[mlpack] Student looking to contribute (possibly through GSoC 2016)

Tue Mar 1 09:30:04 EST 2016

On Tue, Mar 01, 2016 at 03:12:07PM +0800, Shaoxiang Chen wrote:
> Hi everyone,
> 
> I am Shaoxiang Chen, a CS student(junior) of Fudan University, China. I'm
> currently working with a professor, studying in the areas of multimedia
> content analysis and machine(deep) learning.
> 
> I've read a research paper about accelerating approximate nearest neighbour
> search when the distance metric of cosine similarity is used. It achieved
> decent speed up by quantizing vectors into binary form, making the
> computation of distance orders of magnitude faster.
> 
> I see that cosine similarity is not included in neither flann nor mlpack's
> distance metrics. For one thing, it is not directly applicable to the space
> partitioning tree structures(am I right?). And second, if all the vectors
> are l2-normed, cosine similarity directly corresponds to l2 distance.
> 
> I've coded the proposed method myself and got decent speed up. The higher
> dimension, the larger speed up.
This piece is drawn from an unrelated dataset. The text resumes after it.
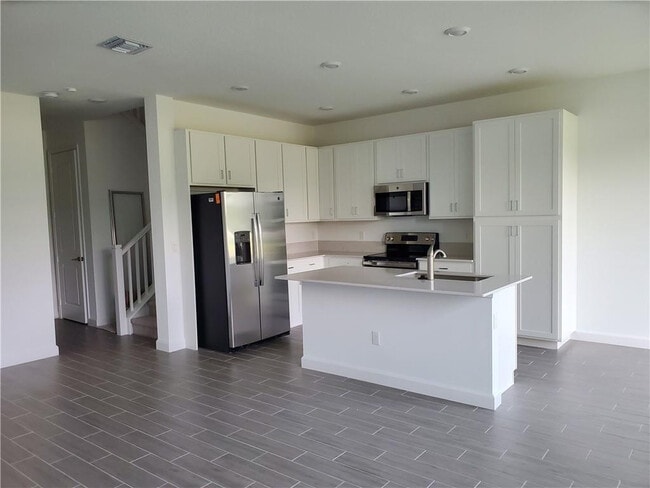 Building Photo - 4922 Navali Dr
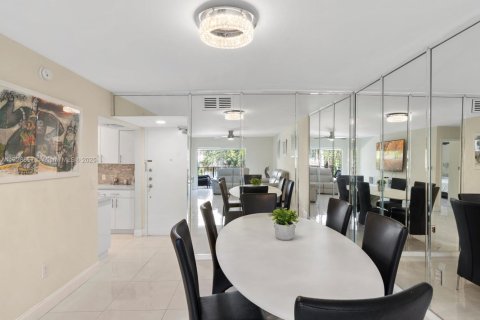 Condo in North Miami Beach, Florida, 1 bedroom  № 1811788 - photo 5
While the method itself limits its use
> cases to high dimensional data(otherwise precision drops), I think it might
> serve as a supplement for tree structures when dealing with high
> dimensional data.
> 
> I haven't run a benchmark of this my code against other ann search
> algorithms, but the paper includes some benchmarks.
> 
> If after you've read the paper you think it's ok to include this algorithm
> in mlpack's neighbour-search, I'd like to contribute and discuss :)
> 
> link to the paper:
> http://static.googleusercontent.com/media/research.google.com/en//pubs/archive/40572.pdf

Hi Shaoxiang,

Technically the cosine similarity is not a metric, so it can't be used
out of the box.  I think there are ways you can modify the cosine
similarity so that it can be used with trees, like for instance the
angular cosine similarity.

Another technique that can be used for fast cosine similarity search is
"fast max-kernel search", or FastMKS, a technique that mlpack provides
(though its implementation gives exact results instead of approximate
results).

I think it might be interesting to compare your implementation with the
FastMKS implementation in mlpack, and maybe some other implementations,
to see where it gives speedup.  And if it does give speedup for a good
variety of datasets and situations, then we should include it if you are
willing to take the time to incorporate it (once it's tested,
documented, optimized, etc.). :)

Another thought is that the Hamming distance is a metric, so that's an
easier comparison: you could implement the Hamming distance in
src/mlpack/core/metrics/, then use it with the existing nearest neighbor
search techniques, and compare.  (Again the existing techniques are
exact, so that may make the comparison a little bit difficult, but it
would still be interesting, I think.)

If you are interested, here's a paper on FastMKS:

http://www.ratml.org/pub/pdf/2013fastmks.pdf

When I have a chance, I'll try and read through the paper you
linked---it looks to be interesting.

This could be a good project for GSoC: implement the algorithm, test it,
run benchmarks, and so forth.  So please do feel free to consider this
work as a summer-long project.

Let me know if I can clarify anything.

Thanks!

Ryan

-- 
Ryan Curtin    | "Hi Doggy."
ryan at ratml.org |   - Johnny